• [Your goal]: Write out exactly the lines running from the one with "giornale/TO00177931/1936/unico/00000248" to the end of the data, including both of those lines and excluding pictures.

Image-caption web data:
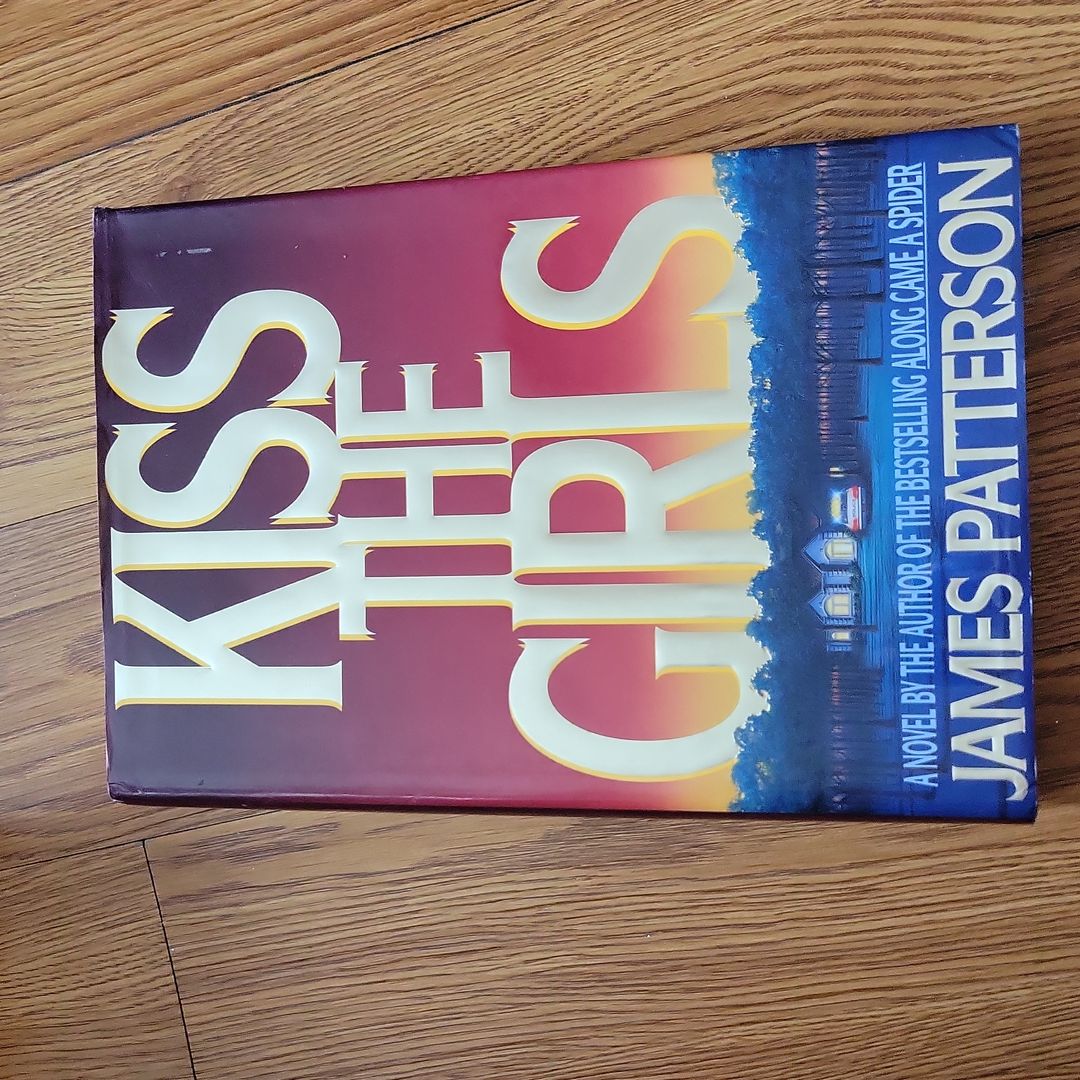 Sale image for 0fa09bb1-7fb5-4516-8cb3-7575a574b7bf-KPfTpJr46GZzOouKFK4W2XPiHJx2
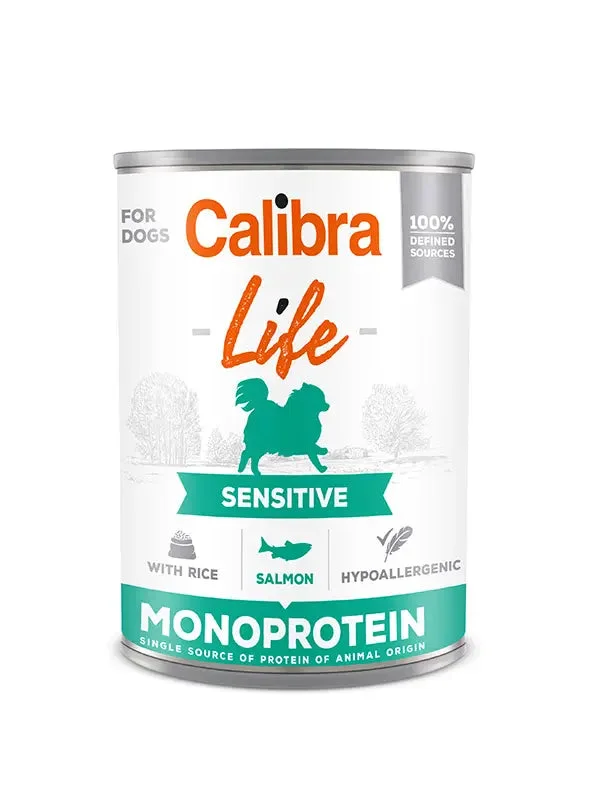 nutripetplan514860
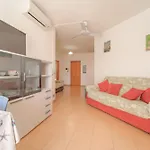 Gli Orizzonti - Goelba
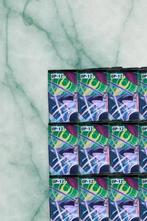 One Piece – One Piece TCG - x20 Sealed Booster Pack set, Nieuw
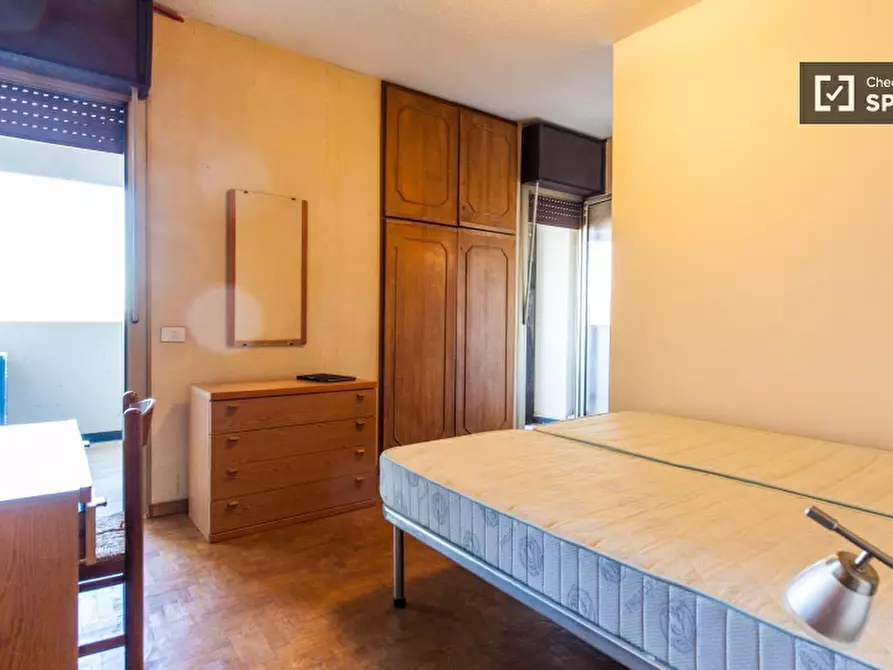 Immagine 1 di Ufficio in affitto  in Viale Erminio Spalla a Roma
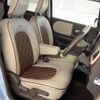 suzuki alto-lapin 2014 CFJ1492921 image 24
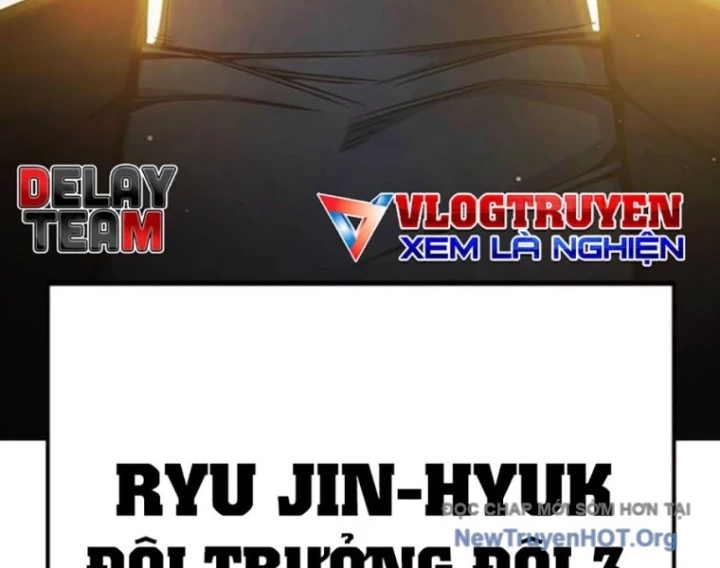 Nhà Tù Vị Thành Niên Chapter 65 - 254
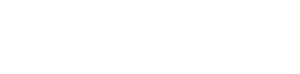 Masunt Logo Desk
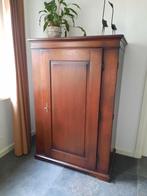 Computerkast, Ophalen of Verzenden, Zo goed als nieuw, 25 tot 50 cm, Minder dan 100 cm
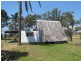 125 Summer Hill Road, Branxton NSW 2335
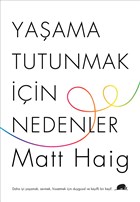 Yaama Tutunmak in Nedenler Kolektif Kitap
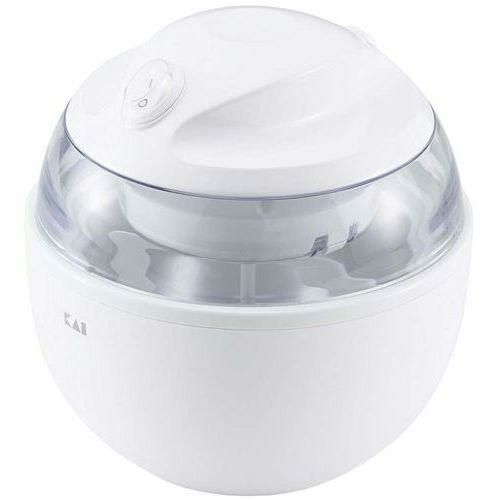 電動アイスクリームメーカー DL－5929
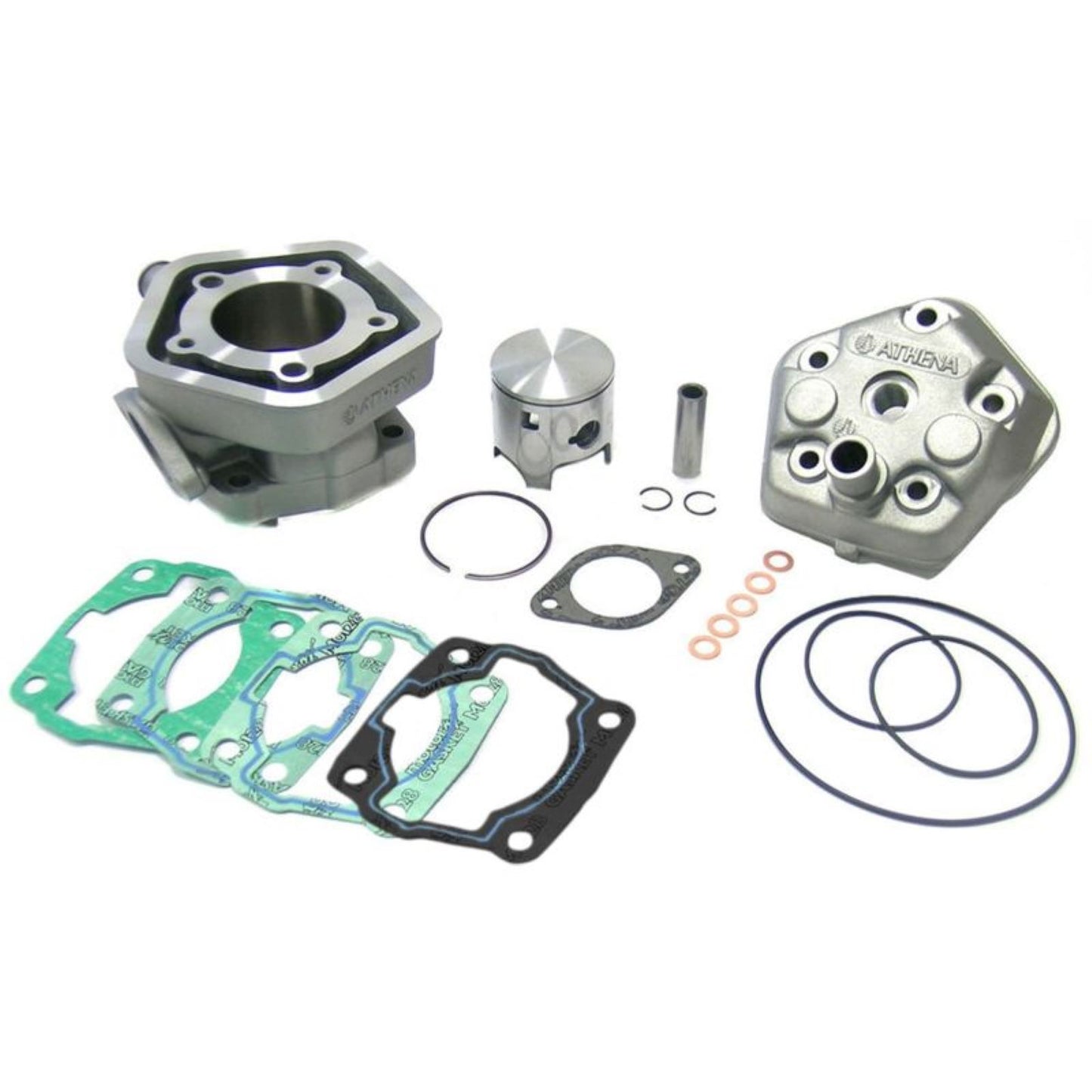 Athena Cylinder Kit Big Bore P400270100002_1452137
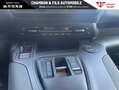 Peugeot Rifter M BlueHDi 130 S&S EAT8 5pl GT Gri - thumbnail 10
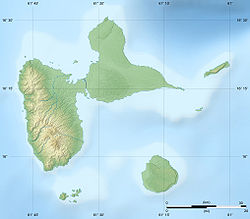 Grande-Terre (Guadeloupe)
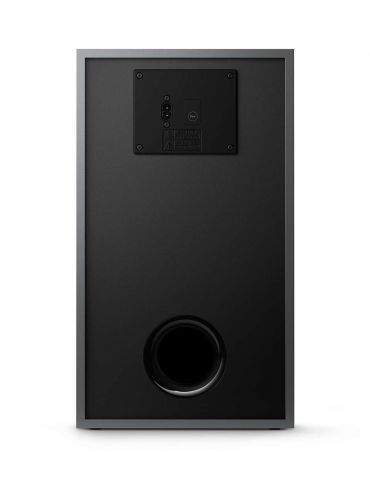 Philips TAB8905 Negru 3.1.2 canale 360 W Philips - 5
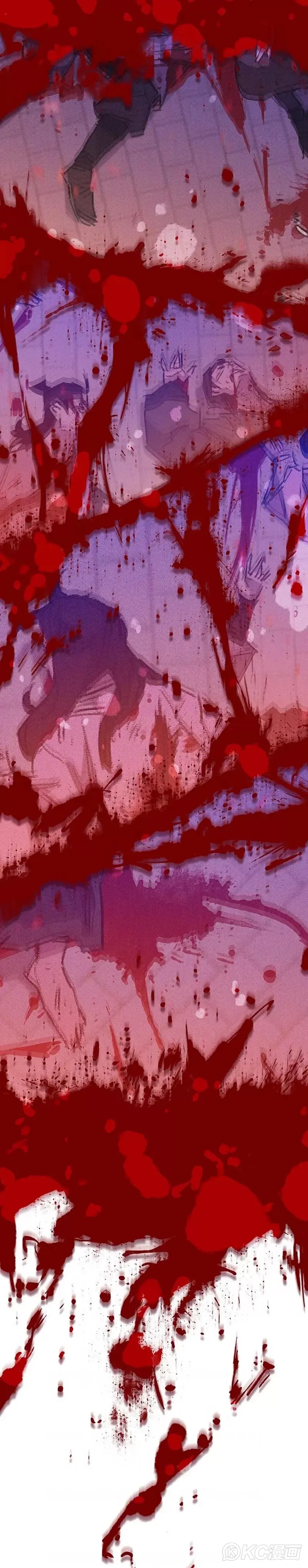 第175话 武后战死25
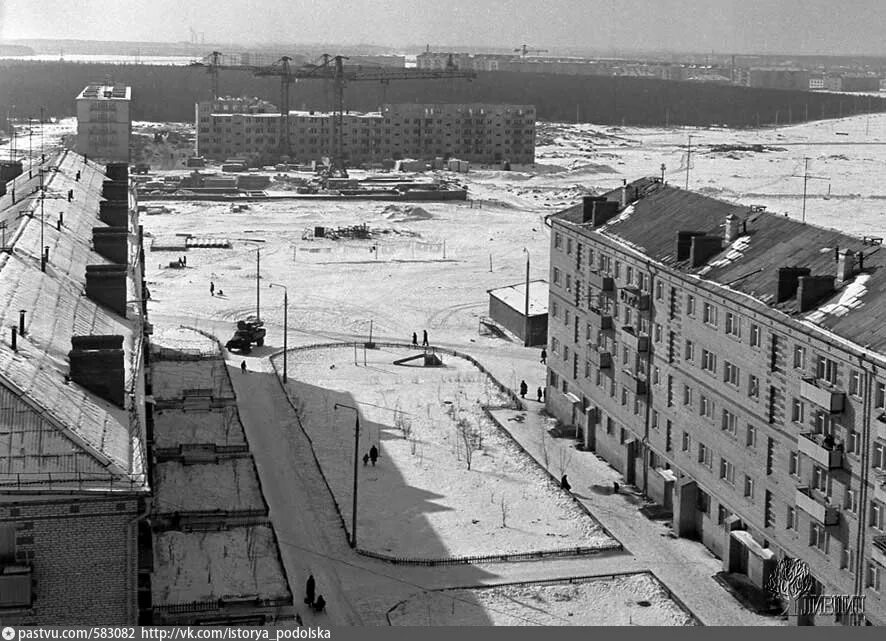 Поселок Южный Барнаул. Посёлок Южный г Барнаул в 1959. Город Барнаул поселок Южный. Поселок Южный док. Алтайский край поселок южный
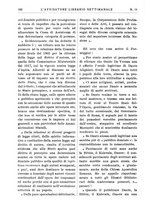 giornale/TO00177931/1936/unico/00000248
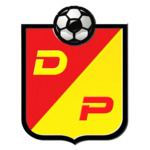 Corpereira2019.png
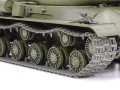 35289-4.jpg
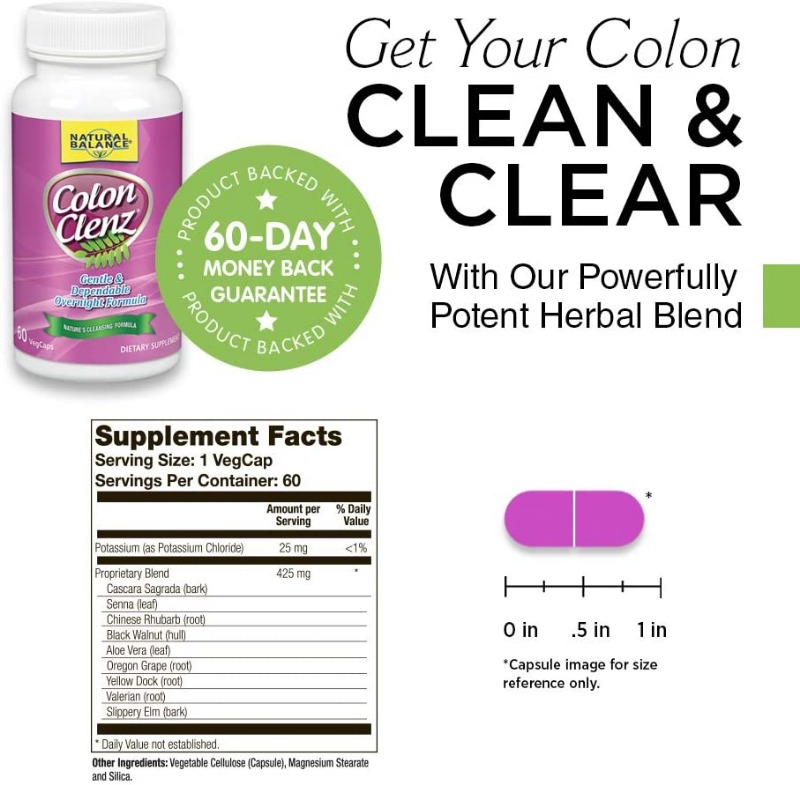 Alternate Product Image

• [Response]:
 giornale/TO00177931/1936/unico/00000248
 Corpereira2019.png
 35289-4.jpg
 Alternate Product Image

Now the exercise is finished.